In October 2010, GlaxoSmithKline sold the rights for Dexedrine Spansule to Amedra Pharmaceuticals (a subsidiary of CorePharma).[47]
The U.S. Air Force uses dextroamphetamine as one of its "go pills", given to pilots on long missions to help them remain focused and alert. Conversely, "no-go pills" are used after the mission is completed, to combat the effects of the mission and "go-pills".[48] [49] [50] The Tarnak Farm incident was linked by media reports to the use of this drug on long term fatigued pilots.
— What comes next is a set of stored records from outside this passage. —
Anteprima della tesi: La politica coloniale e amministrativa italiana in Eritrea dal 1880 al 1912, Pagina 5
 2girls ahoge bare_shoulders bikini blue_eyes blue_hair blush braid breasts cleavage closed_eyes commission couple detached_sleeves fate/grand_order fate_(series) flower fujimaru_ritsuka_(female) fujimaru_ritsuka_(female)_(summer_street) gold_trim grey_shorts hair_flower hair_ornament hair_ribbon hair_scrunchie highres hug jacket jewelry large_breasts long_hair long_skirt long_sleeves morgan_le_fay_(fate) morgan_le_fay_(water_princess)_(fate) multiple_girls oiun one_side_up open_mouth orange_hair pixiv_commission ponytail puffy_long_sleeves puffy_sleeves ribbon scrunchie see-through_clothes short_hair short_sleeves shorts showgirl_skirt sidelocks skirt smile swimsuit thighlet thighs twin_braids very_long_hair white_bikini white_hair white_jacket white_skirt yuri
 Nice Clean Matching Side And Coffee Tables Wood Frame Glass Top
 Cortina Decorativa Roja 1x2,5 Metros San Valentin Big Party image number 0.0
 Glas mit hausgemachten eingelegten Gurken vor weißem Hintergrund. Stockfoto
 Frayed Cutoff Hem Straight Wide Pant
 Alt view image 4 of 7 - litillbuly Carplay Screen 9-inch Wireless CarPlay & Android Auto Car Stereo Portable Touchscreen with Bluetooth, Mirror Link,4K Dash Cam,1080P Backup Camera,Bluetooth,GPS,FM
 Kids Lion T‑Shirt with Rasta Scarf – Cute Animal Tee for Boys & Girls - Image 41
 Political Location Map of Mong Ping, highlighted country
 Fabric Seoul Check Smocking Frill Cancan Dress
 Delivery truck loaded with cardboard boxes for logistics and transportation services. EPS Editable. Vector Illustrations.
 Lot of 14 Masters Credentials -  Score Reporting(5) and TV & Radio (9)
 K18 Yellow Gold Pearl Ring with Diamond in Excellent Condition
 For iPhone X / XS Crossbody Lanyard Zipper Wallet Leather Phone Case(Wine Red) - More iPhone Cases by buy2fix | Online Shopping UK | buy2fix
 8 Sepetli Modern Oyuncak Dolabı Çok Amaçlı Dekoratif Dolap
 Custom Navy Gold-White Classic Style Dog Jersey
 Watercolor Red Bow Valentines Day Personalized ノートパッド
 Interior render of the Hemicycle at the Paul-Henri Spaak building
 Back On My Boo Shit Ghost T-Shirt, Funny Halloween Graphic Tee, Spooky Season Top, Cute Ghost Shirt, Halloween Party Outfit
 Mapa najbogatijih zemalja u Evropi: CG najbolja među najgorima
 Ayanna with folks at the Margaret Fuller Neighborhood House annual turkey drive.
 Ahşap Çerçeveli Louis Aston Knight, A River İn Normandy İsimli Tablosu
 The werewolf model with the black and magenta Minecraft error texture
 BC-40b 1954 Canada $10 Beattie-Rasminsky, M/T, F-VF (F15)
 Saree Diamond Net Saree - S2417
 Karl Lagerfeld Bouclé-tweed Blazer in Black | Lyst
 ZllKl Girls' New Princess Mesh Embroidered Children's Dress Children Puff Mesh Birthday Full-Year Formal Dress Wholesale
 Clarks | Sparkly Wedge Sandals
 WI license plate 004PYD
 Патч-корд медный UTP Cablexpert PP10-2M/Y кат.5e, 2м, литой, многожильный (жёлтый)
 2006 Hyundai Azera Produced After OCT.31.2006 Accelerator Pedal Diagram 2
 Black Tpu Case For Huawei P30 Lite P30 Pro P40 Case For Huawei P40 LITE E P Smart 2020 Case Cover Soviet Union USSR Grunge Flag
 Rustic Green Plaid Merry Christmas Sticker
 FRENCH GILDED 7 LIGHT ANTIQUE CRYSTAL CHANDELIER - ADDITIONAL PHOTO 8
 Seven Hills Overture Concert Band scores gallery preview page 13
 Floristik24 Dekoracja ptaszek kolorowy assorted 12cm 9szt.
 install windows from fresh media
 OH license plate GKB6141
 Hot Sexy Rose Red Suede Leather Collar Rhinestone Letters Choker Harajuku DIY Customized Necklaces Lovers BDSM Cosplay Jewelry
The military did not accept this explanation, citing the lack of similar incidents. Newer stimulant medications or awakeness promoting agents with different side effect profiles, such as modafinil, are being investigated and sometimes issued for this reason.
Formulations
Brand
name! scope="col" United States Adopted Name | (D:L) ratio | Dosage form | Marketing start date | Sources |
---|
Adderall | Mixed amphetamine salts | 3:1 (salts) | tablet | 1996 | |
Adderall XR | Mixed amphetamine salts | 3:1 (salts) | capsule | 2001 | [51] [52] |
Mydayis | Mixed amphetamine salts | 3:1 (salts) | capsule | 2017 | [53] |
Adzenys XR-ODT | amphetamine | 3:1 (base) | | 2016 | [54] [55] |
Dyanavel XR | amphetamine | 3.2:1 (base) | suspension | 2015 | [56] |
Evekeo | amphetamine sulfate | 1:1 (salts) | tablet | 2012 | | Contraindications --> [57] |
Dexedrine | dextroamphetamine sulfate | 1:0 (salts) | capsule | 1976 | |
Zenzedi | dextroamphetamine sulfate | 1:0 (salts) | tablet | 2013 | |
Vyvanse | lisdexamfetamine dimesylate | 1:0 (prodrug) | capsule | 2007 | |
tablet |
Xelstrym | dextroamphetamine | 1:0 (base) | patch | 2022 | | |
Transdermal Dextroamphetamine Patches
Dextroamphetamine is available as a transdermal patch containing dextroamphetamine base under the brand name Xelstrym.
Dextroamphetamine sulfate
In the United States, immediate release (IR) formulations of dextroamphetamine sulfate are available generically as 5 mg and 10 mg tablets, marketed by Barr (Teva Pharmaceutical Industries), Mallinckrodt Pharmaceuticals, Wilshire Pharmaceuticals, Aurobindo Pharmaceutical USA and CorePharma. Previous IR tablets sold under the brand names Dexedrine and Dextrostat have been discontinued but in 2015, IR tablets became available by the brand name Zenzedi, offered as 2.5 mg, 5 mg, 7.5 mg, 10 mg, 15 mg, 20 mg and 30 mg tablets.[58] Dextroamphetamine sulfate is also available as a controlled-release (CR) capsule preparation in strengths of 5 mg, 10 mg, and 15 mg under the brand name Dexedrine Spansule, with generic versions marketed by Barr and Mallinckrodt. A bubblegum flavored oral solution is available under the brand name ProCentra, manufactured by FSC Pediatrics, which is designed to be an easier method of administration in children who have difficulty swallowing tablets, each 5 mL contains 5 mg dextroamphetamine.[59] The conversion rate between dextroamphetamine sulfate to amphetamine free base is .728.[60]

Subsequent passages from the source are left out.